贺兴然越来越没底气:我心里太烦了,想找个清净地方躲一躲。
你烦什么?
别问了,哥,我不知道怎么说。
你还跟我装上深沉了。林亦气笑,讽道,你别叫我哥了,我管你叫哥得了,忧郁哥。
贺兴然拧眉:我没有装深沉,我是真的烦,你根本不懂。
林亦不吃这套:那你倒是说烦什么,你不说我怎么懂?
贺兴然抵触情绪很重:我不想说。
林亦压着火反问他:等你爸妈来问,你也这么回答他们?
贺兴然烦躁道:是,大不了打死我,我用命给你们道歉总行了吧。
啪!
林亦一巴掌拍在贺兴然后脑勺上。
他厉声呵斥:臭小子,你再说混账话试试看!
贺兴然垂着头沉默不语。
林亦快被这完蛋玩意儿气死了。
气氛正僵持不下,客房的门铃响了。
林亦吐出一口气,去玄关开门。
陈砚川站在门口,手里拎着几个某潮牌家的购物袋。
回来了,先吃饭吧,我和兴然都吃完了。
林亦伸手要去接袋子,陈砚川没给,抬眸问他:还有没有流鼻血?
没有,没事了。

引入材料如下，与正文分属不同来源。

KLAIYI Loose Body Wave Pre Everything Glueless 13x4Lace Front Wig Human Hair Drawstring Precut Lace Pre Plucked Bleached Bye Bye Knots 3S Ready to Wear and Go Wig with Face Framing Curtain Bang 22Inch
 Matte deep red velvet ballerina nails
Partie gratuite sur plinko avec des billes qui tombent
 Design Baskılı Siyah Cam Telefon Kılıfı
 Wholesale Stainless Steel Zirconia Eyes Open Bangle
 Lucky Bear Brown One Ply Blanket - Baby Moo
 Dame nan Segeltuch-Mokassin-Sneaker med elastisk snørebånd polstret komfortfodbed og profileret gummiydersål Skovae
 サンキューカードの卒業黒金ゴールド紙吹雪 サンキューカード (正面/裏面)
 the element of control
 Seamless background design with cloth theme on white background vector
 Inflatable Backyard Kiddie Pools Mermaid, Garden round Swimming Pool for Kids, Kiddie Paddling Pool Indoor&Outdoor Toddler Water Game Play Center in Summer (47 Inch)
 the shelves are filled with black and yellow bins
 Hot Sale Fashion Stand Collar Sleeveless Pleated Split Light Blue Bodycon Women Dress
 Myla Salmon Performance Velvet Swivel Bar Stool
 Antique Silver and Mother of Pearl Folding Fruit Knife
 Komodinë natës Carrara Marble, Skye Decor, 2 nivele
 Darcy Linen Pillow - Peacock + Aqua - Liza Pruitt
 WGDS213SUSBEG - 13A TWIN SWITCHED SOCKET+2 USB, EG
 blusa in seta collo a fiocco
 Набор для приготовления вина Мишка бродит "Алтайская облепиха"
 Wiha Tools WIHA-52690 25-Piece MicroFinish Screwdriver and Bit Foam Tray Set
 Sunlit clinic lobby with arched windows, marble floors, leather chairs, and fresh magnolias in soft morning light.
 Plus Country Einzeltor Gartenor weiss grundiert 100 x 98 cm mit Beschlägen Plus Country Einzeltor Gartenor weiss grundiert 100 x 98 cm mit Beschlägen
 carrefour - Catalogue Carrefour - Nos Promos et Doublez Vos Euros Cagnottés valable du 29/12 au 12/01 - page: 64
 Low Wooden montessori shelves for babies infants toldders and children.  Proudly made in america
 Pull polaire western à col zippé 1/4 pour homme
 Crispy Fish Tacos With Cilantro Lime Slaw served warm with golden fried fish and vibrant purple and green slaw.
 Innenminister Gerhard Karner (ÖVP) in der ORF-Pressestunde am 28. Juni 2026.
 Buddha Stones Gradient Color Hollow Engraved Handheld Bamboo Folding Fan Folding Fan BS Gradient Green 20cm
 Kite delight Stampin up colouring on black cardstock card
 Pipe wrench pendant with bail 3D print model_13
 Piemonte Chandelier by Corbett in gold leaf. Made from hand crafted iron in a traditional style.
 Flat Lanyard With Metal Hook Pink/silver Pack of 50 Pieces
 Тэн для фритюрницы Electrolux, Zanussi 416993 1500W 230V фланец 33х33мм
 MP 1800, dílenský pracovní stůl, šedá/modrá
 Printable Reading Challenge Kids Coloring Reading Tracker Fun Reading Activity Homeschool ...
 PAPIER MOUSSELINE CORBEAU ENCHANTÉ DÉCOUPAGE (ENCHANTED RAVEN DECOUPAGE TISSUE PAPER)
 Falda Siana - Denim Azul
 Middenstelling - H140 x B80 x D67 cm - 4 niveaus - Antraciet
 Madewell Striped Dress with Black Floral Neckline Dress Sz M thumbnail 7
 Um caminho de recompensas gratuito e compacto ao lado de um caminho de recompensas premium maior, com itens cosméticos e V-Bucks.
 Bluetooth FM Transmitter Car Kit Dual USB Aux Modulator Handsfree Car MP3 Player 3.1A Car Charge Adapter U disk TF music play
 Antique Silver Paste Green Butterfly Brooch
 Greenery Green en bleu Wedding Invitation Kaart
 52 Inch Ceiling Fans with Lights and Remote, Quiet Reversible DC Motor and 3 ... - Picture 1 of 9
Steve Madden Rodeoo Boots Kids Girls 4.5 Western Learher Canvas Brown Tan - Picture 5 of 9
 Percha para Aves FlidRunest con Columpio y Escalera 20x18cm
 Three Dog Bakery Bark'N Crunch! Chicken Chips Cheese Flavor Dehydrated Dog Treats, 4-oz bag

说完,林亦才看见他身后还有一个人。
是关凌。
林亦招呼他:关凌来了,你吃饭没?
关凌看起来很没精神,强撑出一个笑容:吃过了。他扬了扬手里的袋子,我给兴然买了醒酒药。
林亦笑了笑:真有心,进来吧,兴然已经醒了。
话音落,林亦身后传来一声冷漠的质问:你来做什么?
贺兴然上前两步,一把抢过关凌手里的药扔到了门外,语气嫌恶:给我滚!
林亦看到这一出惊讶得下巴都快掉在地上。
贺兴然你做什么?他难以置信地看着贺兴然。
贺兴然没理林亦,逼视关凌,毫不客气下达逐客令,仿佛眼前人不是关系最好的朋友,而是仇人:赶紧滚,不要让我说第三次。
关凌沉默地把扔出去的醒酒药捡回来。
大醉后容易头疼,这个药你可能会需要。
我知道你不想见到我,我只是来给你送个药。
关凌声音很轻,垂着头,额前的头发挡了半张脸,他本来就偏瘦,眼下好像被一座无形的山压着,整个人颓靡不堪。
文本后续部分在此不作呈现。